**Instructions to follow**
Read the listing below and copy out every line that holds "Combo".

**Available data**
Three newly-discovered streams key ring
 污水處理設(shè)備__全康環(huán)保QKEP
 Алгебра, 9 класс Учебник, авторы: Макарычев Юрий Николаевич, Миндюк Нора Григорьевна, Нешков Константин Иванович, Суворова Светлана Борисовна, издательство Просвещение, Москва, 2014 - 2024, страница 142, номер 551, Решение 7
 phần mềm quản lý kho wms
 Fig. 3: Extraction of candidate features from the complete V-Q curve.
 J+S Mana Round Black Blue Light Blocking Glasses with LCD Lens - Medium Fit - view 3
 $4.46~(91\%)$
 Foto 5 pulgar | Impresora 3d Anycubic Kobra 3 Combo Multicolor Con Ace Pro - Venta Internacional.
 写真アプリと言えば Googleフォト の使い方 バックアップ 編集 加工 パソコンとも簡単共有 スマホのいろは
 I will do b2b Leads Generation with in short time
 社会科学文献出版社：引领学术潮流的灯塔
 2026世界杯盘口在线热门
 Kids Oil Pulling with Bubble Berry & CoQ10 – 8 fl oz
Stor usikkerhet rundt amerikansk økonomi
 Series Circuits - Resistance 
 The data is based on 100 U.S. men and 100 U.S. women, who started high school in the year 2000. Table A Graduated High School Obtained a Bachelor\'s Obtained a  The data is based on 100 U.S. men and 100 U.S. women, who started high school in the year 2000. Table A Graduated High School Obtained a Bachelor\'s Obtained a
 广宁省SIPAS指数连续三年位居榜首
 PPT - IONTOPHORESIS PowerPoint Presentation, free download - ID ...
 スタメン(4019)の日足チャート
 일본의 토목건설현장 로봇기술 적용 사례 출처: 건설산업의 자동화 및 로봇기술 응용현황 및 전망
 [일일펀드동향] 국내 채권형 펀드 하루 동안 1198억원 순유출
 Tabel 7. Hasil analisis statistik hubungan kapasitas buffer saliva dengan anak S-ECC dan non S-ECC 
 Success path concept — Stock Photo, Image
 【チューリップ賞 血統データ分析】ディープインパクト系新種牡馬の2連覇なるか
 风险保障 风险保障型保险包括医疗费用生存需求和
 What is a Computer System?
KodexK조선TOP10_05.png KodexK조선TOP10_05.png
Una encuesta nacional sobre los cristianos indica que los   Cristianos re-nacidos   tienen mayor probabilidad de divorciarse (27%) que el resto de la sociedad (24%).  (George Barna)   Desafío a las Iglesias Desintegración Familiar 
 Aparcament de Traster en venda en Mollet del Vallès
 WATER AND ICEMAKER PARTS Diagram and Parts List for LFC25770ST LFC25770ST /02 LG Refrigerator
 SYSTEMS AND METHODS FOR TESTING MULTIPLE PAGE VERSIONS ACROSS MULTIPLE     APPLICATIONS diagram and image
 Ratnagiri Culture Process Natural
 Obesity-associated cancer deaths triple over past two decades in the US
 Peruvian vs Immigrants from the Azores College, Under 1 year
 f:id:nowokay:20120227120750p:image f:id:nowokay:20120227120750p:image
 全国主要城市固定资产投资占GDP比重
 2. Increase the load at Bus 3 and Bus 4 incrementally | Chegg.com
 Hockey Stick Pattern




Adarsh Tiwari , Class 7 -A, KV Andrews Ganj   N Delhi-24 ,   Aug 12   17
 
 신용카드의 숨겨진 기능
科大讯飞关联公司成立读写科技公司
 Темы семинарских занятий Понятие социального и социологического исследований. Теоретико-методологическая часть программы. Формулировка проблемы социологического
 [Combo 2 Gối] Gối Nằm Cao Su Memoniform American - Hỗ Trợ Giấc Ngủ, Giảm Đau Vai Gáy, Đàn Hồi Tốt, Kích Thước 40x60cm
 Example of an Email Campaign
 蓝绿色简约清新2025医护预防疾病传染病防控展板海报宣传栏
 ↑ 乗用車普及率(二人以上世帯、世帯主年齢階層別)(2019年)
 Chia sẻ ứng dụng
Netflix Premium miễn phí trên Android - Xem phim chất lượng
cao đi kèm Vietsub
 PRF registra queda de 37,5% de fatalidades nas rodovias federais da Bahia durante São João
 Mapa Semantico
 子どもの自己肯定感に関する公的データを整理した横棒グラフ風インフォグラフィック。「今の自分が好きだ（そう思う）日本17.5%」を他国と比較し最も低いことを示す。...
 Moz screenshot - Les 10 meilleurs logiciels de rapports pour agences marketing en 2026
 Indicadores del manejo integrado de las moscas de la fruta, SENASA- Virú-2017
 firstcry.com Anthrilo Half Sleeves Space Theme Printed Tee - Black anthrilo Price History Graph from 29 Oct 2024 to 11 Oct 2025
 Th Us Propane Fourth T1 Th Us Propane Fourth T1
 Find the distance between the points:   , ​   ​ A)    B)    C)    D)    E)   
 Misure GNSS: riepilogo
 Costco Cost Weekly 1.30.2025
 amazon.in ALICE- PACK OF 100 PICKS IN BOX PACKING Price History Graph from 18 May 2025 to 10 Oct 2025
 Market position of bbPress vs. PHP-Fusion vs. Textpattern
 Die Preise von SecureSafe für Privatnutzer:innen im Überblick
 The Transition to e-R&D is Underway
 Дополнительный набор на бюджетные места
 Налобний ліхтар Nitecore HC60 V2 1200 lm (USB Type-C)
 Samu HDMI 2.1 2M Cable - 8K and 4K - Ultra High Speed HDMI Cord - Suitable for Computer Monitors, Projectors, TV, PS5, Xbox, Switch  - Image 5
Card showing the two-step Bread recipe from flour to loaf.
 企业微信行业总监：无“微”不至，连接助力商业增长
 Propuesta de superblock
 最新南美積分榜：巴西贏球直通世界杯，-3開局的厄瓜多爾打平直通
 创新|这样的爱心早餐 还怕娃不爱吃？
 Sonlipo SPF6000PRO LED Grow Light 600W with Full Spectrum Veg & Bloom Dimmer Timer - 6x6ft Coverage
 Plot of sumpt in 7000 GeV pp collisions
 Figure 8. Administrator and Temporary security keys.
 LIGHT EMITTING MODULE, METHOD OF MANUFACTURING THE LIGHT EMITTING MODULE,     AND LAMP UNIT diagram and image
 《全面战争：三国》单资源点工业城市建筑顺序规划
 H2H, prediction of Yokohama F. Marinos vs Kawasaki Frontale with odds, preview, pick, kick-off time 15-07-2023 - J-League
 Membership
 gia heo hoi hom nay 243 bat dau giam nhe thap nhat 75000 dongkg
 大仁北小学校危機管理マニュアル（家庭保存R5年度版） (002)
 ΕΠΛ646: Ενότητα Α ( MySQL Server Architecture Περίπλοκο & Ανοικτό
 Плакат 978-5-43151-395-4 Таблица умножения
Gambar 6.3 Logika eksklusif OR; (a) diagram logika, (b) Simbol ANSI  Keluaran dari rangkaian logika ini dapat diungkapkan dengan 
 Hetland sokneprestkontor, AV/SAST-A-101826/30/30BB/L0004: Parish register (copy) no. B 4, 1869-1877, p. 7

**Answer below**
 Foto 5 pulgar | Impresora 3d Anycubic Kobra 3 Combo Multicolor Con Ace Pro - Venta Internacional.
 [Combo 2 Gối] Gối Nằm Cao Su Memoniform American - Hỗ Trợ Giấc Ngủ, Giảm Đau Vai Gáy, Đàn Hồi Tốt, Kích Thước 40x60cm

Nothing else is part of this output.